Volviendo al cuento del televisor, creo que fue en 1982 cuando vi por primera vez un mundial en colores. Era un televisor de pantalla pequeña, con un marco plateado y con un inmenso estómago lleno de tubos, nada parecido a los de pantalla plana de hoy. El mundial fue en España, una verdadera fiesta con naranjito de mascota, los estadios repletos y los jugadores extenuados bajo el sol de verano. Otra vez Colombia por fuera, Brasil eliminado por una gris y efectiva Italia comandada por Paolo Rossi. Ese fue el momento más bajo de mi pasión por el fútbol. Para colmo de males el siguiente mundial, el de 1986 lo debía organizar Colombia, pero un presidente cuyo nombre no quiero mencionar aquí, pero de apellido Betancourt, se echó para atrás y dijo que con esos millones de dólares iba a construir el metro de Bogotá, el tren de cercanías de la sabana, el acueducto de Quibdó, 300 escuelas, 200 hospitales, 40 mil kilómetros de carreteras. ¿Les parece conocido el cuento? El mundial se lo dieron a México, que lo realizó, a pesar de haber soportado uno de los peores terremotos de su historia. México no se rajó. Colombia había sido eliminada tras una batalla campal con uruguayos y paraguayos y por la mano negra de los árbitros. ¿Les parece conocido el cuento? Ese hubiera podido haber sido un mundial tan aburrido como los anteriores de no haber sido por Maradona, por sus gambetas, sus jugadas, sus tiros libres y su mano. Sí, el ídolo más grande de los argentinos, al que muchos de ellos llaman, despelotadamente Dios, metió un gol con la mano, infringiendo una de las reglas básicas de un deporte que se juega con los pies y el árbitro no lo vio. Como dato anecdótico, Argentina, fue campeón. No me pregunten como era la alineación de Argentina, ese dato lo sabe el Doctor Hernán Peláez. Para mí eran Maradona y diez más… y la mano de… Maradona.

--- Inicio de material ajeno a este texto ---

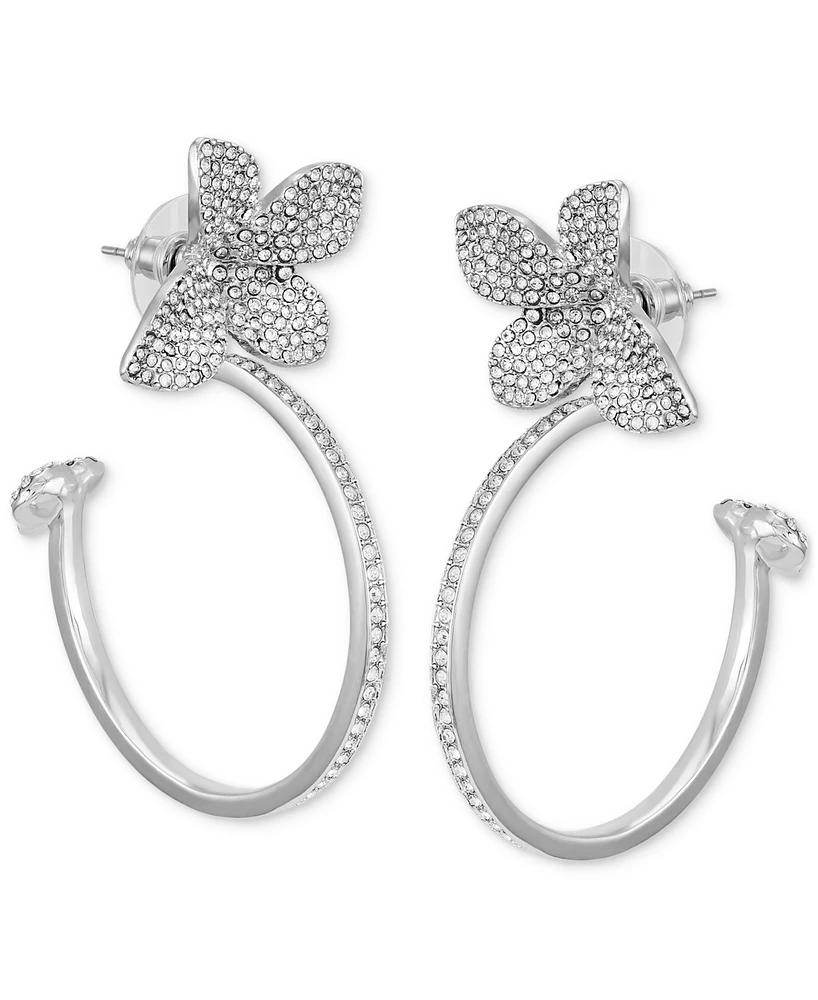 Guess Silver-Tone Pave Flower Front-to-Back Drop Hoop Earrings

El siguiente mundial merece comentario aparte. Fue en Italia 1990. Fue el último mundial que viví en vacaciones de universidad con novias y amigos a bordo, el último abrazo feliz con mi padre. Los años de la arrogancia juvenil y la rumba. Colombia había clasificado luego de una brillante serie eliminatoria. Nuestro fútbol volvía a un mundial luego de 28 años, Obvio, más allá de la bonanza de dólares traquetos de nuestro fútbol hay que reconocer que los nuestros eran unos señores jugadores de fútbol, como lo demostraron en aquel inolvidable empate contra Alemania, con un golazo en el último minuto, luego de una trenza de Fajardo, Leonel, El Pibe y el remate de un Freddy Rincón, inmenso, como dice los pelados de hoy.  Era un país diferente. El Renault 4 ya era una especie en vías de extinción. Los carros de moda eran las camionetas tipo burbuja, por obvias razones. Las ciudades se llenaban de Centros Comerciales y de trancones. La única ciudad con metro era Medellín. En la televisión ya empezaba a arrumar a Pacheco, Amparo Grisales seguía haciendo de adolescente gracias a sus fórmulas mágicas de eterna juventud que solo le funcionan a ella y William Vinazco ya decía por encima del palo de mango  y pica de rapidez y le lanzó el bolígrafo a la cámara el día que Higuita y Perea le regalaron un gol a Roller Milla, con el que Camerún nos sacó del mundial. Como dato anecdótico, Alemania fue campeón. Pero eso ya no importaba. Lo más importante había sido descubrir cómo se puede pasar de la alegría a la piedra, en tres días, en un mundial de fútbol, cuando uno ama Colombia por encima de todas las cosas. Por encima de sus traquetos, de sus presidentes agalludos.

Pero ahí no para el cuento. En 1994, el mundial fue acá arriba, en Estados Unidos. Nos creímos el cuento de Pelé, que ya no jugaba sino que decía cualquier barbaridad, de que íbamos a hacer campeones mundiales. Todo terminó en una tragedia nacional. El vil asesinato de Andrés Escobar uno de los mejores jugadores nacionales. A partir de ese mundial  el fútbol empezó a saberme a feo.

En el mundial de 1998 la misma historia. Colombia fue eliminada tras un papelón. A partir de ese año vinieron las ocupaciones, las responsabilidades y el trabajo. Ya el mundial no era sinónimo de vacaciones, había que volarse de la oficina para verlo en la cafetería de la esquina o en la pantalla gigante de un centro comercial o escucharlo en un radio portátil de pilas. Colombia se fue al foso del olvido. Pasaron los mundiales del 2002, 2006 y 2010 sin que la selección pudiera clasificar. Creo que fueron campeones Brasil, Italia y España, pero poco me importaba ya. Habían pasado los años en que podía ser hincha de cualquiera. Ahora los mundiales eran agridulces. Un mundial sin Colombia no era mundial.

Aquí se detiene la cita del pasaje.